South Korea’s won led declines in Asian currencies as data from Japan and China heightened concern the global economic slowdown is worsening.
A preliminary reading for a Chinese manufacturing survey pointed to an 11th month of contraction and Japanese exports fell in August for a third month, reports released today showed. The Bank of Japan expanded its asset-purchase fund yesterday by 10 trillion yen ($128 billion), joining the Federal Reserve and the European Central Bank in announcing plans to pump money into financial markets.
“With shares and other currencies falling on economic concerns, we saw a lot of overseas investors covering their short positions on the dollar,” said Lee Jin Ill, a Seoul-based currency trader at Hana Bank. A short position is a bet an asset will decline in value.
The won dropped 0.8 percent to 1,123.15 per dollar in Seoul, the biggest decline since July 12, according to data compiled by Bloomberg. India’s rupee weakened 0.6 percent to 54.3050, Taiwan’s dollar slid 0.4 percent to NT$29.508 and the Philippine peso fell 0.3 percent to 41.765.
The Bloomberg-JPMorgan Asia Dollar Index, which tracks the region’s 10 most-active currencies excluding the yen, fell 0.1 percent, reversing an earlier gain. The MSCI Asia Pacific Index of shares dropped 1.3 percent, the most in more than eight weeks.
Indian Political Spat
The rupee weakened the most in more than a month after the Trinamool Congress party, Prime Minister Manmohan Singh’s biggest coalition partner, said it will quit the government over policy changes announced last week.
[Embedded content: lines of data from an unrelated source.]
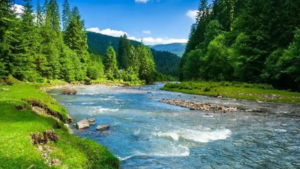 Longest River of Kerala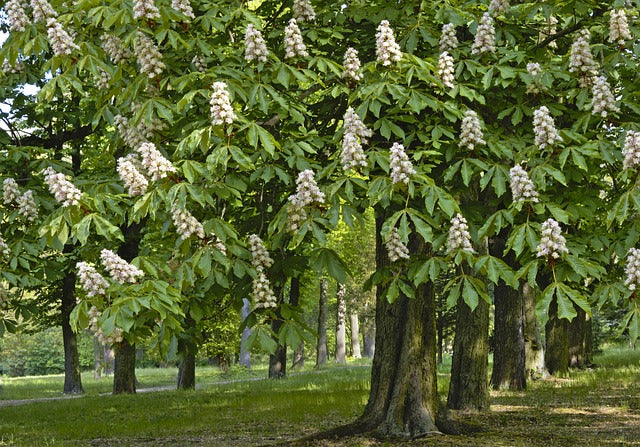 Photo d'arbres de châtaigniers en fleurs : une scène printanière où les majestueux arbres de châtaignier sont couverts de grappes de fleurs blanches.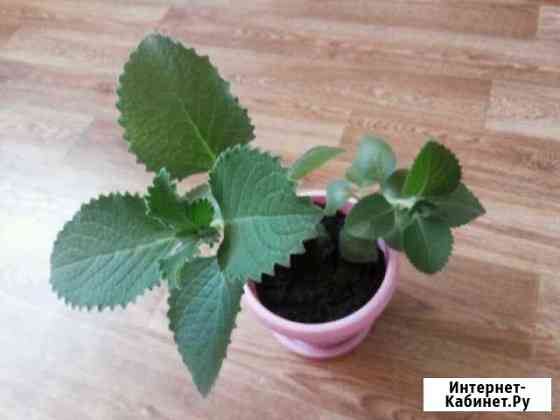 Продам мяту Чита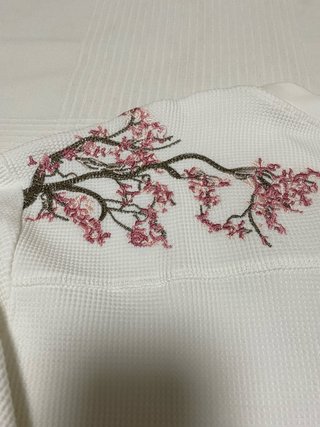 Camiseta Derschutze manga larga bordado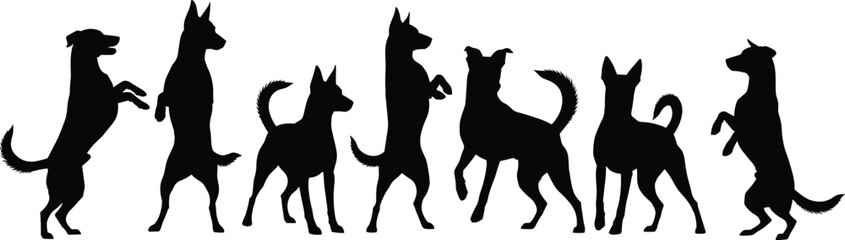 Silhouette of dogs standing on hind legs, playful canine behavior, black and white image, pet training moment, animal pose expression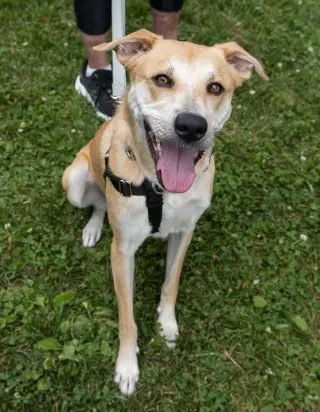 Buttercup (lab) - as sweet as her name
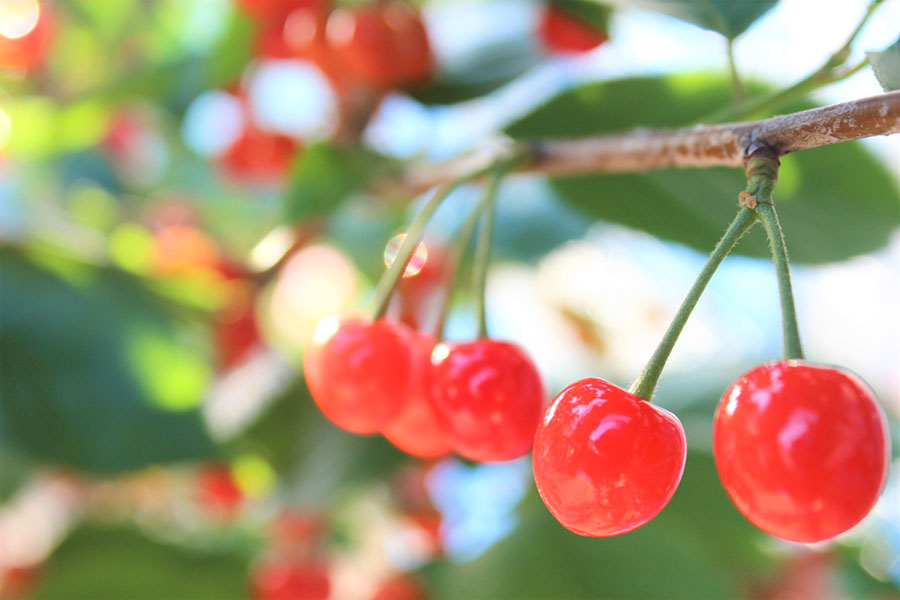 さくらんぼ 08-05-003 さくらんぼ(佐藤錦)600g - 山形県天童市｜ふるさとチョイス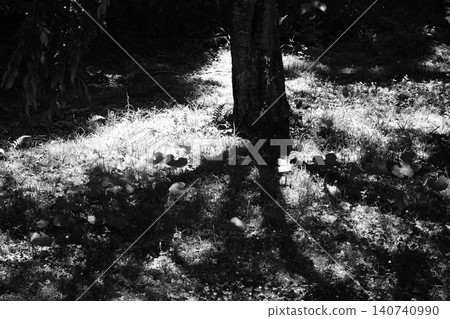 Monochrome nature Monochrome nature 140740990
Trinamool ministers will be pulled from the federal cabinet on Sept. 21, party leader Mamata Banerjee said on Sept. 18, signaling there’s still time for a compromise. Singh unveiled the biggest policy push of his second term last week by ending a 14-month freeze on diesel prices to cut the budget deficit, and allowing more foreign investment in aviation and retail industries.
“The Indian reforms are still work in progress and there are some concerns as to whether politics will come in the way,” said Thio Chin Loo, a senior analyst at BNP Paribas SA in Singapore. “The markets are worried about the possibility of a rollback.”
The ringgit fell to the lowest level this week, reversing an earlier gain, on the manufacturing report from China, the second-largest buyer of Malaysian goods in July. Beijing should make all preparations for its territorial dispute with Japan over islands in the East China Sea, including for military conflict, Wang Xiaoxuan, director of the Naval Research Institute of the People’s Liberation Army, wrote in the China Daily newspaper today.
“The China numbers were very disappointing and I am very much pricing in a hard landing for the Chinese economy,” said Suresh Kumar Ramanathan, a currency strategist at CIMB Investment Bank Bhd. in Kuala Lumpur. “The geopolitical risks surrounding the Japanese-Chinese spat are pushing the move in the ringgit.”
The yuan advanced beyond the key 6.3 per dollar level as the central bank set the reference rate 0.02 percent stronger at 6.3380. The currency, which can trade as much as 1 percent on either side of the daily fixing, touched 6.2945, the strongest level since April 17. It closed up 0.09 percent at 6.3038.
“With quantitative easing in the major economies, funds are flowing into Asia, and China is among the top destinations,” said Kenix Lai, a foreign-exchange analyst at Bank of East Asia Ltd. in Hong Kong. “The upside above the 6.3 level is limited as exporters are still facing great pressure.”
Elsewhere, Indonesia’s rupiah fell 0.2 percent to 9,570 per dollar. Thailand’s baht weakened 0.4 percent to 30.90, while Vietnam’s dong was little changed at 20,870.